→ **Problem**: Would you retype the lines from the one that holds "研究表明，工业数字孪生体与鱼群算法高度相关，对人类命运的思考" to the final line of the entries below, both ends included and exactly as written, but without pictures?

————————

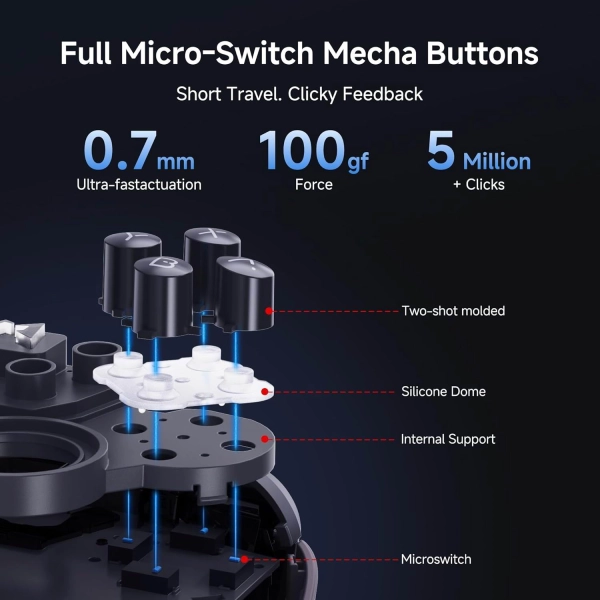 Геймпад MOBAPAD Chitu 2 HD Механічні кнопки, Турбо, 6 осьовий гіроскоп Black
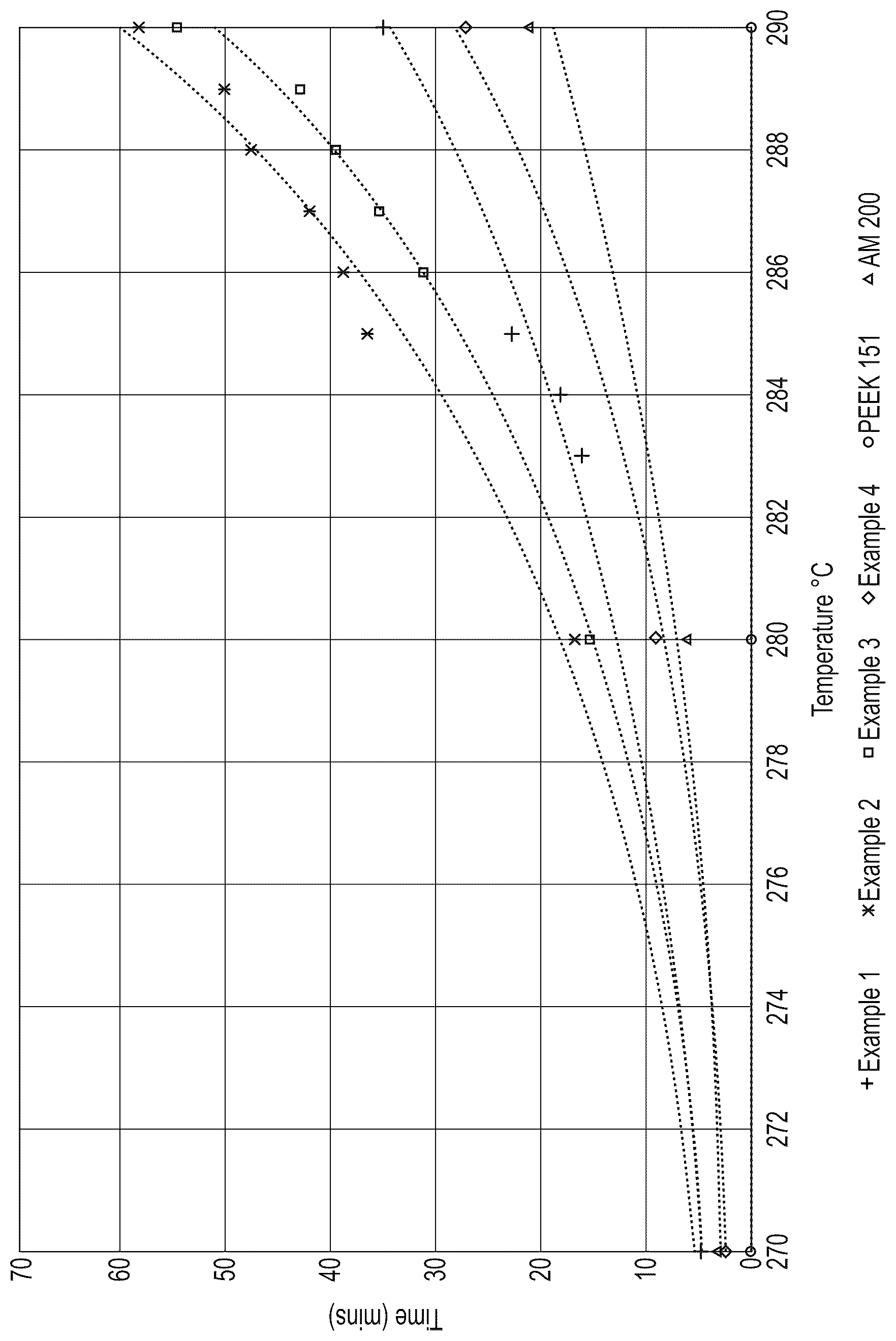 Patent US12319784 Figure 1 – Polymeric material and use thereof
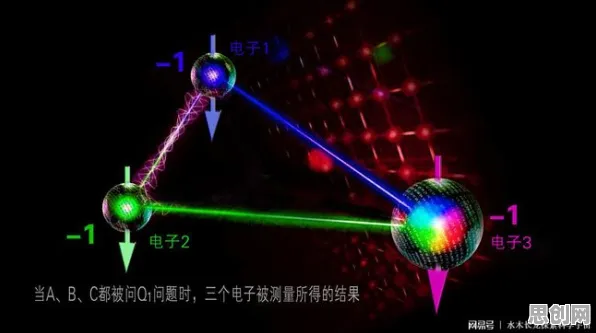 虚拟偶像爆火，10大个量子力学知识点帮你看清真相
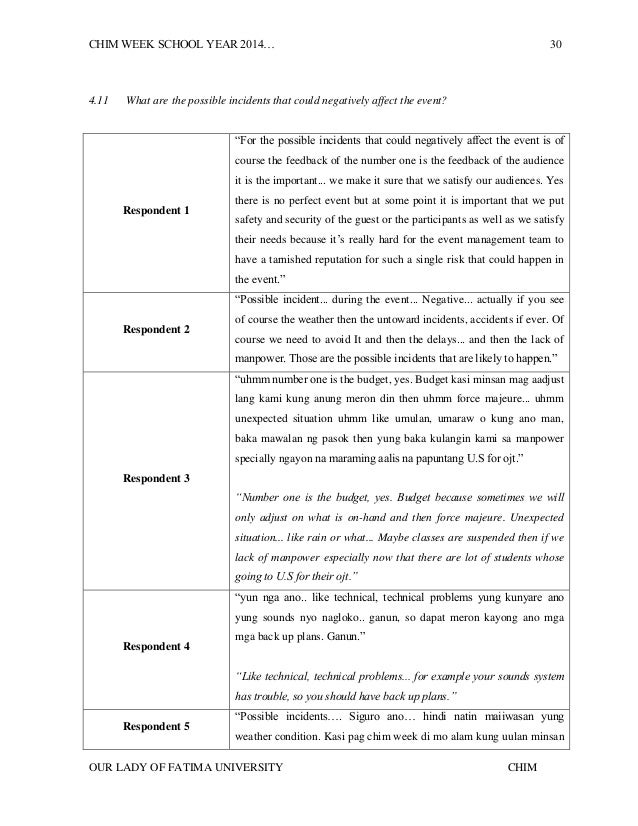 essay about education and learning quotes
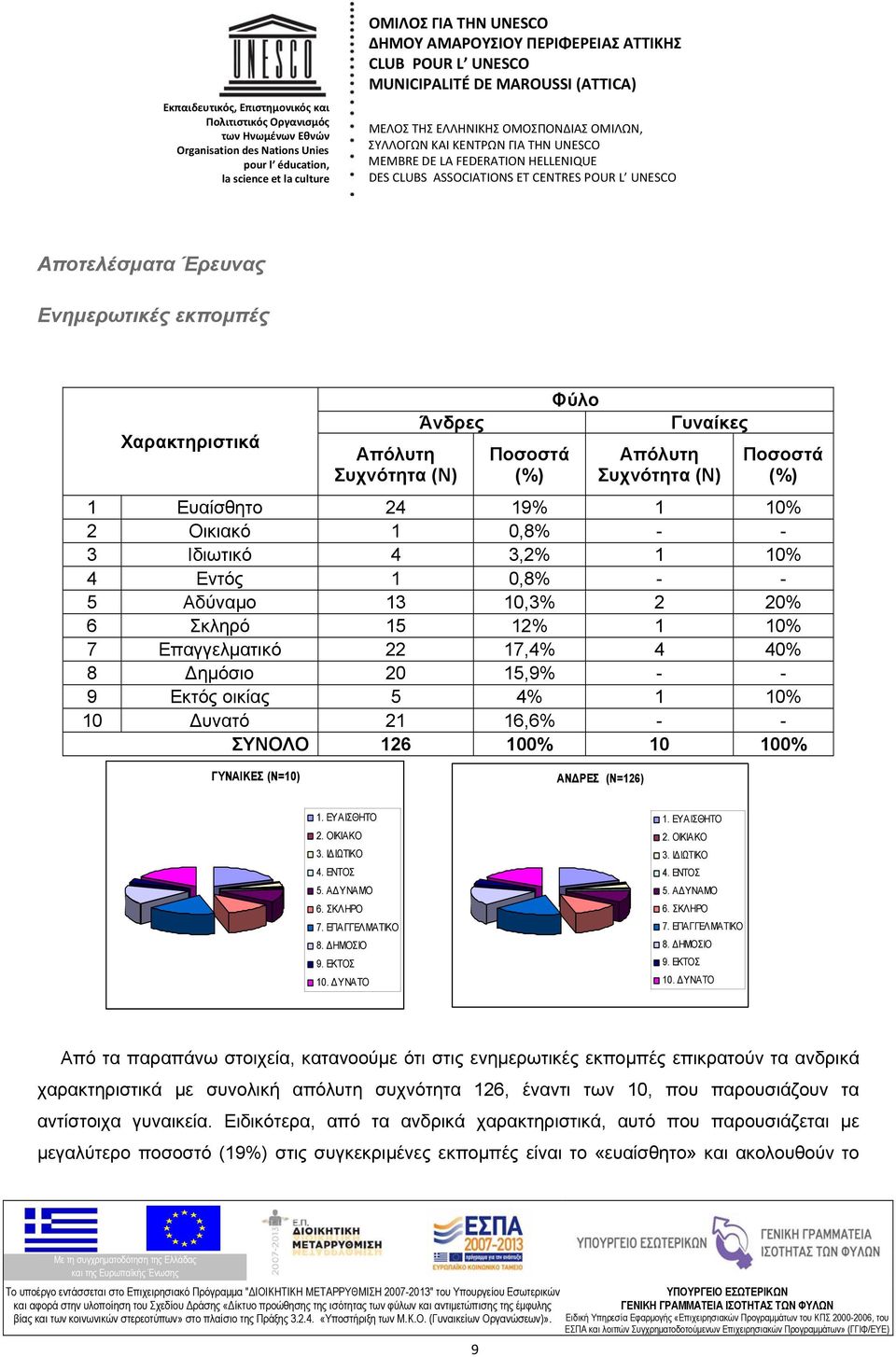 126 100% 10 100% ΓΥΝΑΙΚΕΣ (N=10) ΑΝΔΡΕΣ (Ν=126) 1. ΕΥΑΙΣΘΗΤΟ 2. ΟΙΚΙΑΚΟ 3. ΙΔΙΩΤΙΚΟ 4. ΕΝΤΟΣ 5. ΑΔΥΝΑΜΟ 6. ΣΚΛΗΡΟ 7. ΕΠΑΓΓΕΛΜΑΤΙΚΟ 8. ΔΗΜΟΣΙΟ 9. ΕΚΤΟΣ 10. ΔΥΝΑΤΟ 1. ΕΥΑ ΙΣΘΗΤΟ 2. ΟΙΚΙΑΚΟ 3. ΙΔΙΩΤΙΚΟ 4. ΕΝΤΟΣ 5. ΑΔΥΝΑΜΟ 6. ΣΚΛΗΡΟ 7. ΕΠΑΓΓΕΛΜΑ ΤΙΚΟ 8.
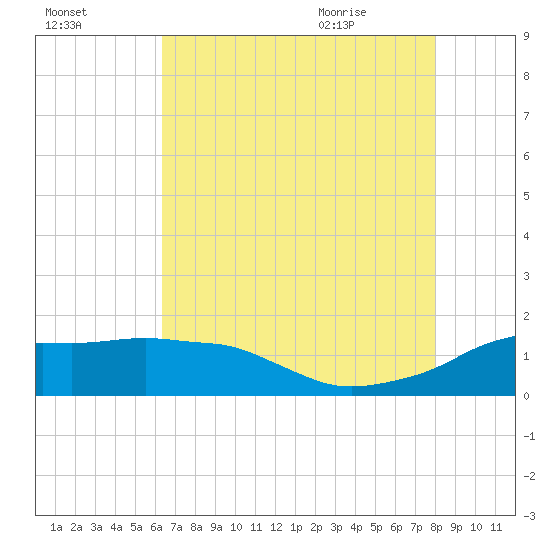Eugene Island tide chart for Wednesday, July 26, 2023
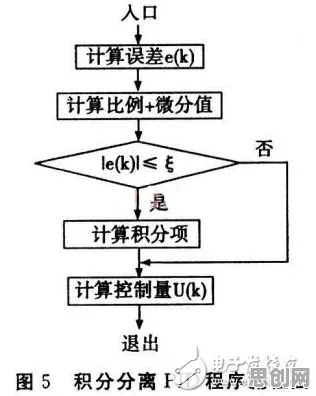 研究表明，工业数字孪生体与鱼群算法高度相关，对人类命运的思考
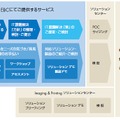 EBCで提供するサービス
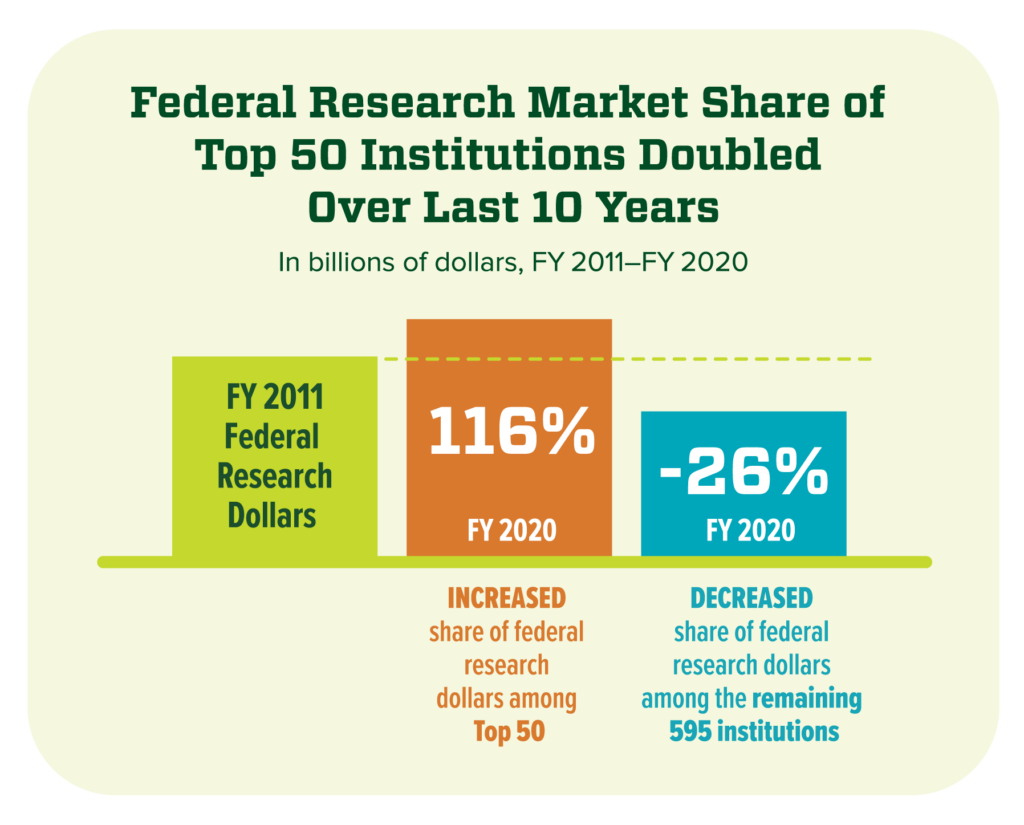 A bar chart displaying research on the federal research market share of the top 50 institutions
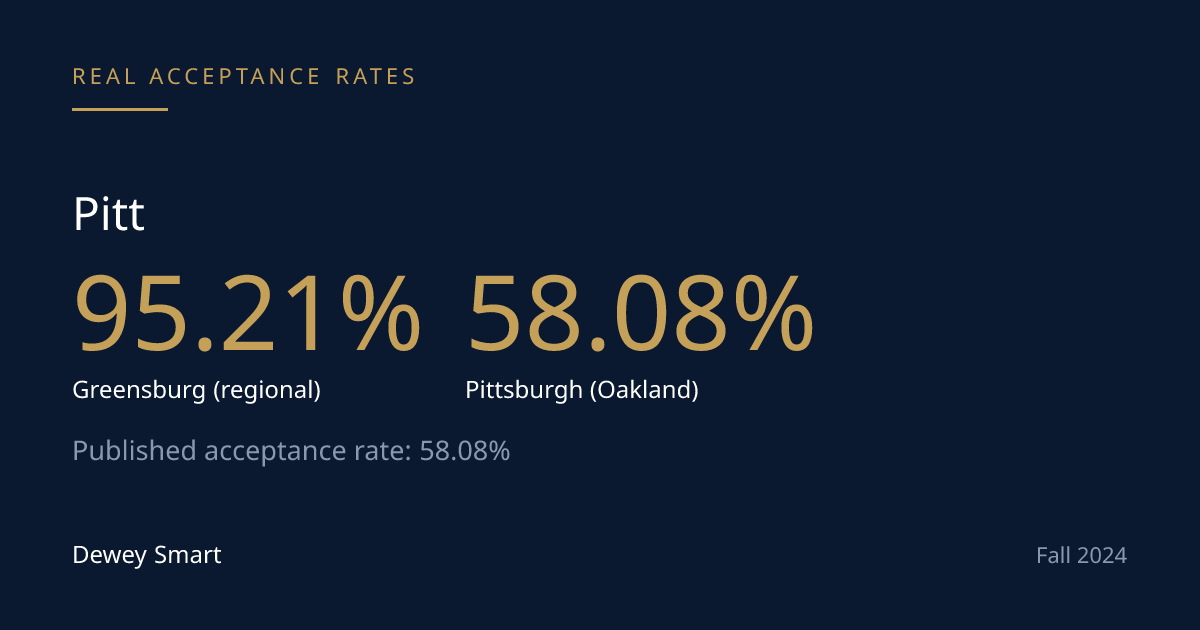 Pitt Admits 58% at Oakland and 88% to 95% at Its Regional Campuses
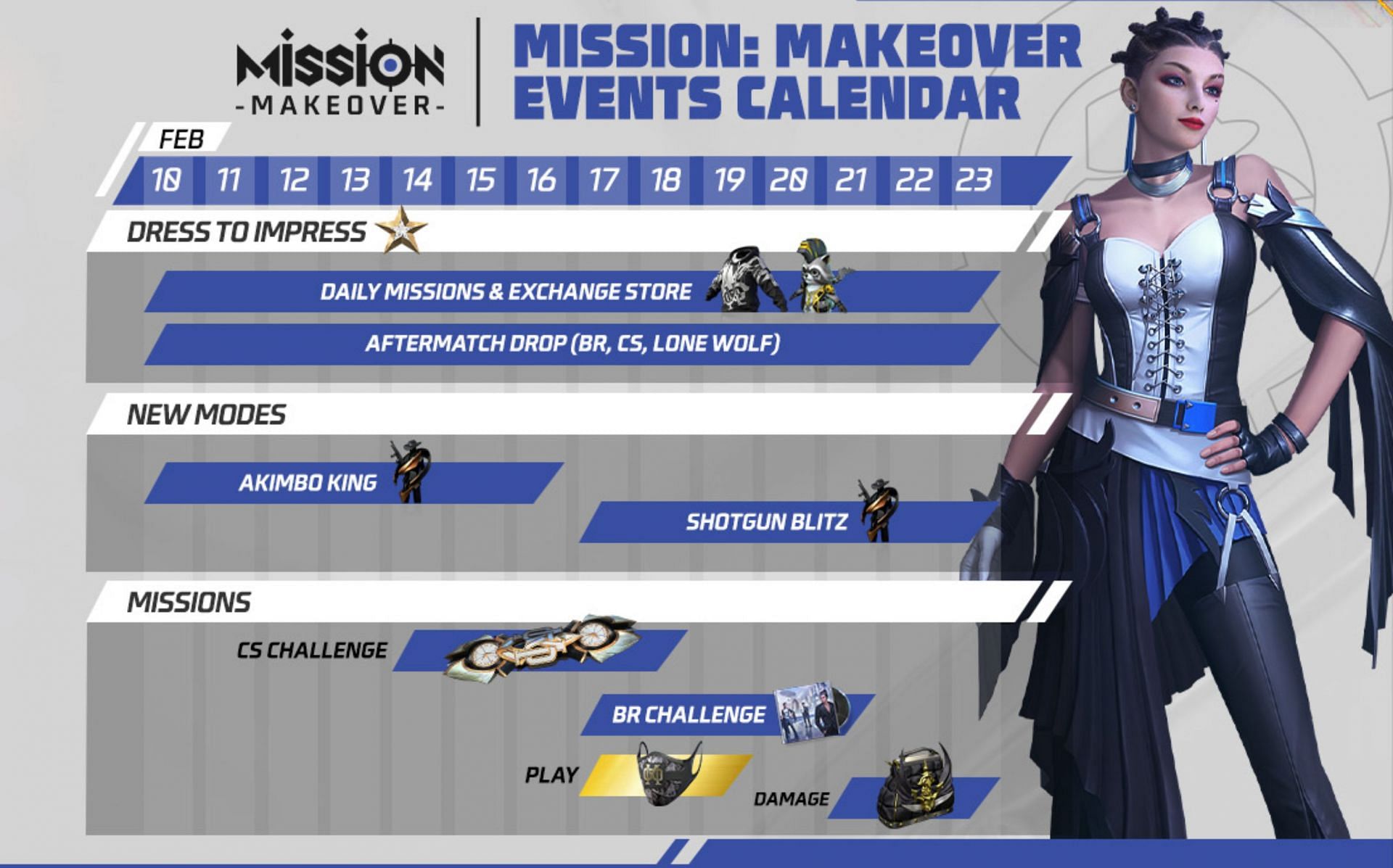 Mission Makeover event calendar (Image via Garena)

————————

→ **Problem solution**:
 研究表明，工业数字孪生体与鱼群算法高度相关，对人类命运的思考
 EBCで提供するサービス
 A bar chart displaying research on the federal research market share of the top 50 institutions
 Pitt Admits 58% at Oakland and 88% to 95% at Its Regional Campuses
 Mission Makeover event calendar (Image via Garena)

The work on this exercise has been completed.